Joshua Space says there wasn’t a specific moment that started him on his sustainability journey, but rather, a gradual increase in awareness of issues over time. Though, as a kid, the Collingwood-based artist always had an issue with people littering.
“It used to make me so frustrated, and still does,” Space says.
“I guess that underlying respect for our environment was the root of it. The more products and objects I designed and made, the more I became interested and aware of how things are manufactured, their impact and the essence of good design.”
Today, Space is on a mission to turn Victoria’s household recycling into innovative design pieces, like artwork, mirrors and planter pots, and, most recently, chairs.
Space’s work helps to raise awareness of one of Sustainability Victoria’s key messages: keep recycling loose and not in a bag, so the state government can use it to make more community-used items, like park benches, tables and planter boxes. When the recycling’s tied up in a bag, it can be used.
Once Space knew he wanted to work in the creative recycling field, he visited India to start his research of learning what can be made from recycled materials. He says the project consumed him, eventually evolving into a broader exploration of consumption and waste.
“I became more interested in understanding what happens in other industries and which materials can be recycled and repurposed for designing new objects and works,” he says. “Then, I started experimenting with the ideas I had been sketching up.”
In the example of Space’s Recycled Chairs, that means designing how the panels of the chair will join together, testing the ideal angle for the chair’s lean and experimenting with the limits of material manipulation. The recycled plastic is processed and then moulded, heated or pressed before being cut to size.

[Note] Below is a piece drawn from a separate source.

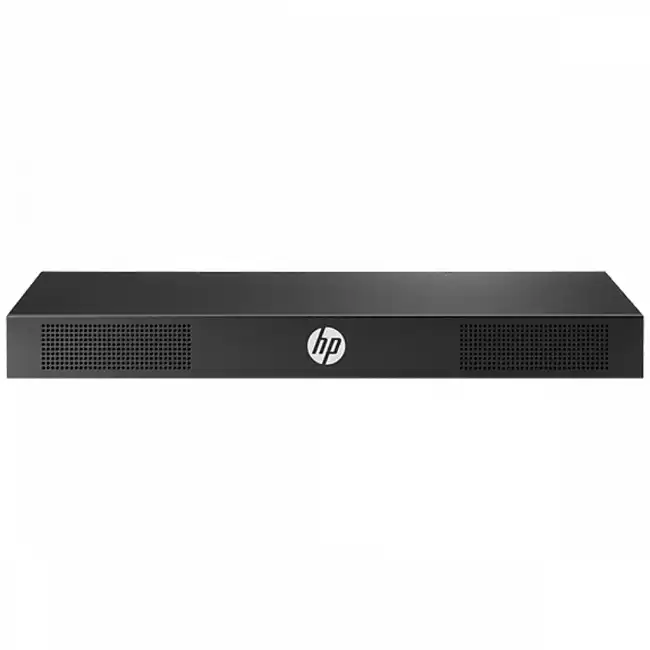 KVM-переключатель HPE 0x1x8 G3 KVM Console Switch AF651A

“The results can vary because the post-consumer plastic is sourced from council kerbside waste streams, which can sometimes be contaminated when people don’t recycle correctly,” says Space. “You can see some of this contamination in the Recycled Chair and Recycled Void Mirror if you look closely.”
While Space says improvements to recycling services in Victoria have allowed the state government and himself to make more products, thereby diverting more waste from landfill, there could be even less plastic waste if it was consumed less.
In the future, he hopes to see more objects and furniture made from organic materials like seaweed, algae, mushrooms and even food waste. Essentially, products made from materials that come from and can be returned to the earth with far less negative impact.
“Art plays a role in offering a lens to what is possible,” he says. “My work is a reflection of the world around us, and I hope it provides a different perspective to people on how to perceive things, specifically their waste in this case.”
“Even if it’s just small actions like correctly disposing of your waste in the appropriate bins and ensuring that recycling is loose, not bagged, so it can be properly process. This can make a big impact and help people like me use the materials to create something new.”